Ken Armstrong does cutting-edge investigative work at the heart of cultural moments, from #MeToo’s emergence to the death penalty’s decline. His reporting on a woman who was raped, then branded a liar, became a Pulitzer Prize-winning story, a This American Life episode, a book, and, now, a Netflix series. New York calls Unbelievable “one of the best crime dramas in recent memory and one of the best shows of 2019.” Starring Toni Collette, Merritt Wever, and Kaitlyn Dever, this limited series depicts the gut-wrenching experiences of the victims of a serial rapist, and the pitfalls of an inconsistent criminal justice system.
Armstrong and Miller’s original piece, “An Unbelievable Story of Rape,” tells the riveting true crime story of a teenager charged with lying about having been raped—and the detectives who followed a winding path to arrive at the truth. The ensuing book, Unbelievable, is a twisted tale of doubt, lies, and a hunt for justice, unveiling the disturbing reality of how sexual assault is investigated today and the long history of skepticism toward rape victims. Based on investigative file and extensive interviews with the principals, Unbelievable has been called “a devastating but necessary read, composed by masters of investigative journalism,” (Bryan Stevenson, author of Just Mercy) and “a revelation—taut, nuanced, and expertly reported” (New York Post).

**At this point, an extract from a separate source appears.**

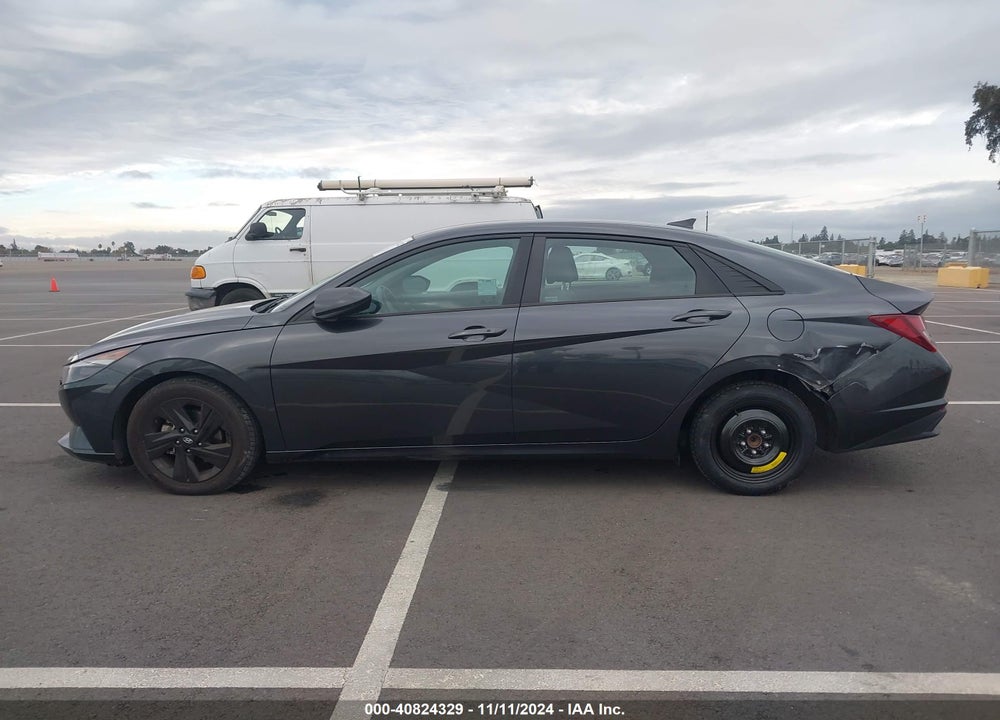 2021 HYUNDAI ELANTRA SEL VIN: 5NPLM4AG9MH003363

Watch the Trailer for Unbelievable
About Ken Armstrong
Ken Armstrong is an investigative reporter and narrative writer whose work has appeared in such places as The New Yorker, The Washington Post, The Paris Review, and This American Life. He currently works for ProPublica as a senior reporter. Armstrong is the recipient of four Pulitzer Prizes for stories on painkillers, a landslide, and the shooting deaths of four police officers in addition to the subjects of Unbelievable. Before ProPublica, he reported for The Seattle Times and The Chicago Tribune, where his investigations into capital cases prompted the governor to halt executions. Armstrong’s first book, Scoreboard, Baby (co-authored with Nick Perry), won the Edgar Allen Poe Award for non-fiction. He has also received a Peabody Award and the John Chancellor Lifetime Achievement Award from Columbia University. Other honors include: six-time winner of the Investigative Reporters and Editors award; Selden Ring; Worth Bingham; four George Polk awards; two ASNE Distinguished Writing Awards; and the Michael Kelly Award for the fearless pursuit and expression of truth. Armstrong was also a Nieman Fellow at Harvard and the McGraw Professor of Writing at Princeton.
Unbelievable: The Story of Two Detectives’ Relentless Search for the Truth
What we can learn from the true story of Marie—a young woman who was accused by police of lying about being raped, only to have evidence surface, years later, proving that she had been telling the truth all along.
Scoreboard, Baby: A Story of College Football, Crime, and Complicity
How a team won a championship, and a community lost its way. This cautionary tale reveals all the ways that the blind embrace of a college football team compromised judges, prosecutors, police, a proud university, and the media.
The Trials of Dick Cunningham: A Death Row Lawyer’s Search for Mercy and Redemption
The story of a remarkable capital appeals attorney who saved lives only to lose his own. This is a story about struggle, redemption, life, and the law, showing how a lawyer—a flawed, stubborn, principled lawyer—made an extraordinary difference.